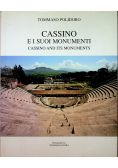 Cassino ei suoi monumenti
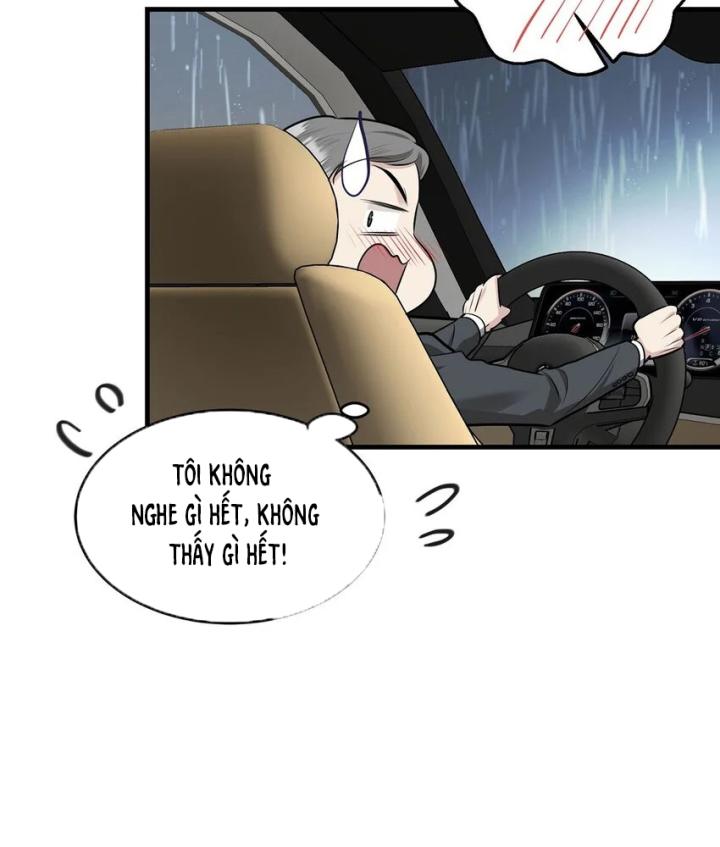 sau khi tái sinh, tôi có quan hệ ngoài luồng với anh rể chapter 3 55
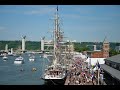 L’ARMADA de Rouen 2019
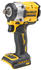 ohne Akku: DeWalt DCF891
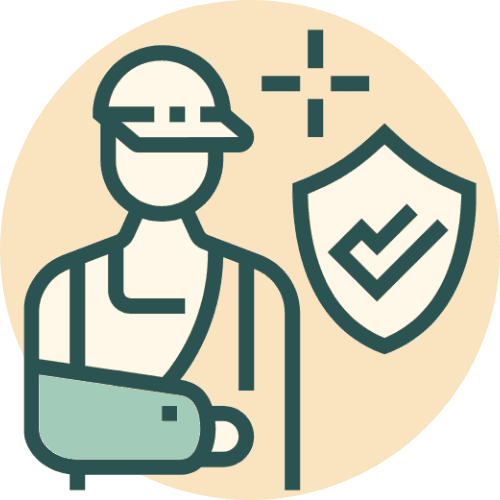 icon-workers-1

--

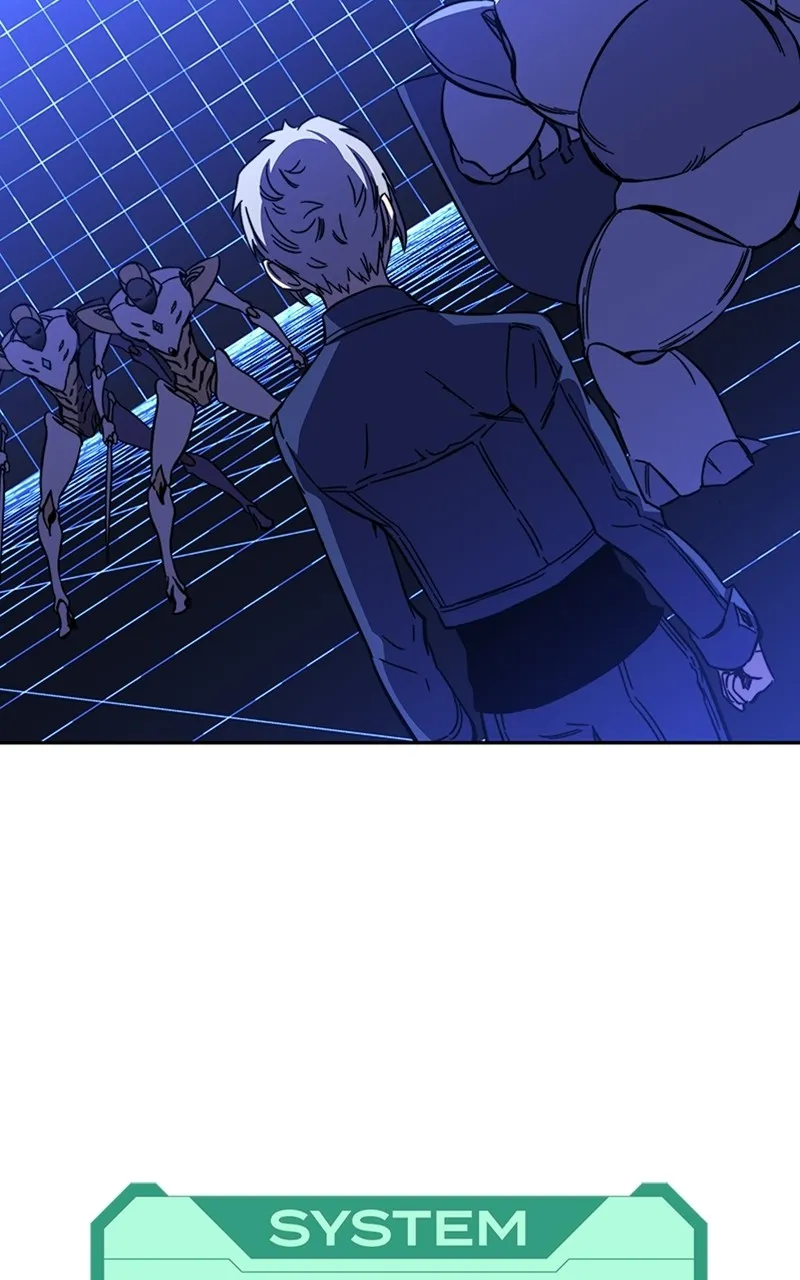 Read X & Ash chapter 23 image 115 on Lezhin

--

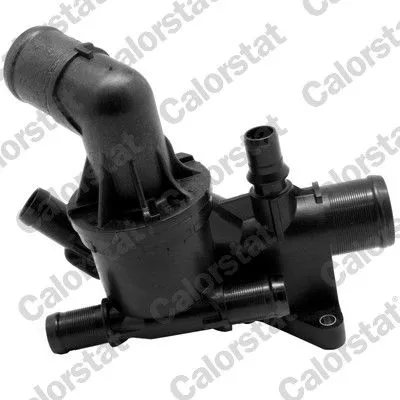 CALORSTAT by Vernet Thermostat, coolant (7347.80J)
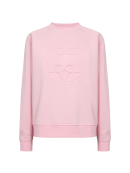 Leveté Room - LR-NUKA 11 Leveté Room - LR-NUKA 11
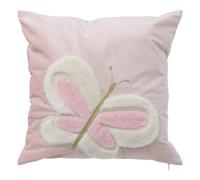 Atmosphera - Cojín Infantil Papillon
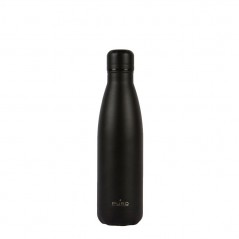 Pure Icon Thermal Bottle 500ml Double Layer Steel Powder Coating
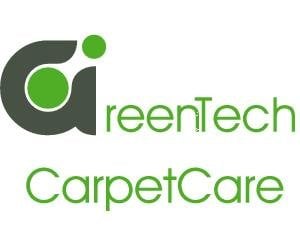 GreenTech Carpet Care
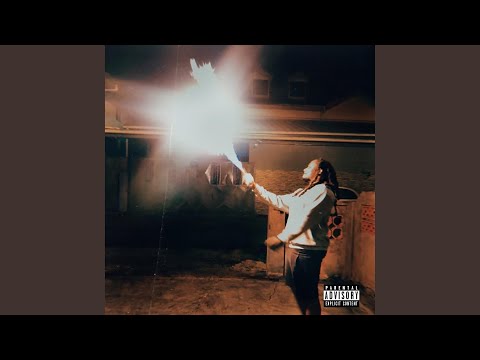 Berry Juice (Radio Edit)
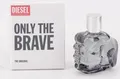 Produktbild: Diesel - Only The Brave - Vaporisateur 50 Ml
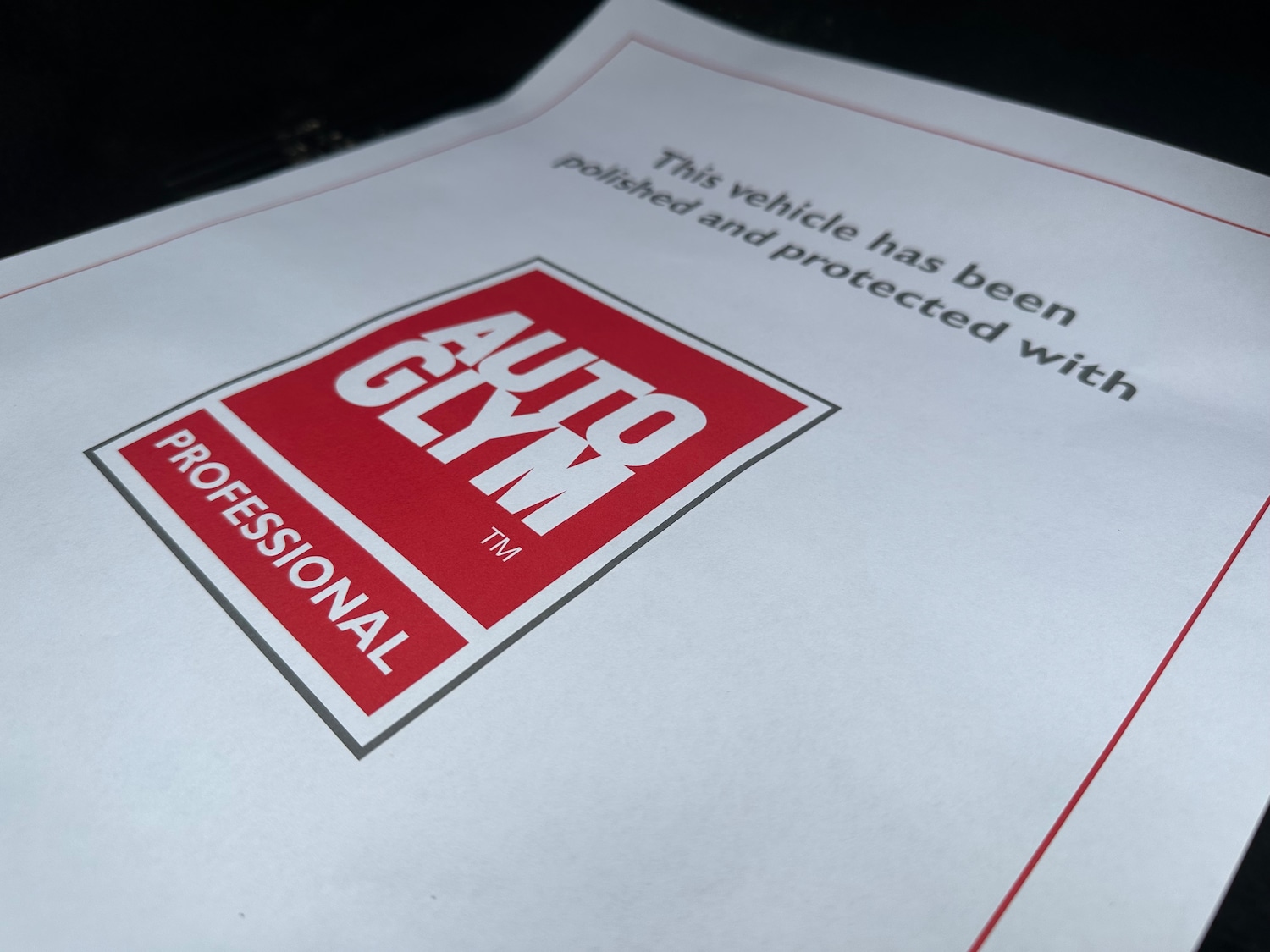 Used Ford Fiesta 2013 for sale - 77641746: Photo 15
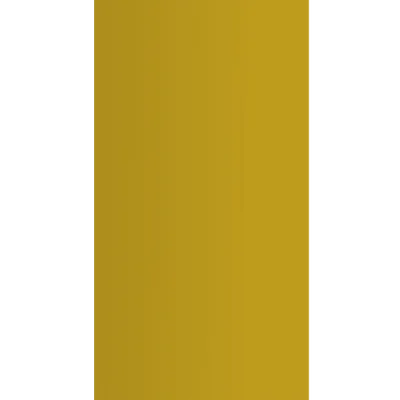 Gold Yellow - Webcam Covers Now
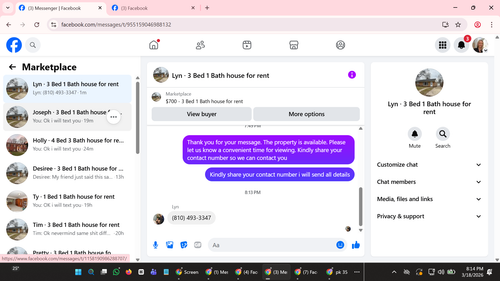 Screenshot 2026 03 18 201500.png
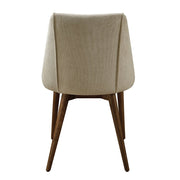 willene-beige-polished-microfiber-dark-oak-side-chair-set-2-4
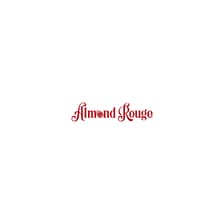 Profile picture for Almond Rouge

## Assignment
Copy needed, without pictures: the lines of the listing above from the line containing "willene-beige-polished-microfiber-dark-oak-side-chair-set-2-4" up to and including the line containing "Profile picture for Almond Rouge", set down exactly.

## Written reply
 willene-beige-polished-microfiber-dark-oak-side-chair-set-2-4
 Profile picture for Almond Rouge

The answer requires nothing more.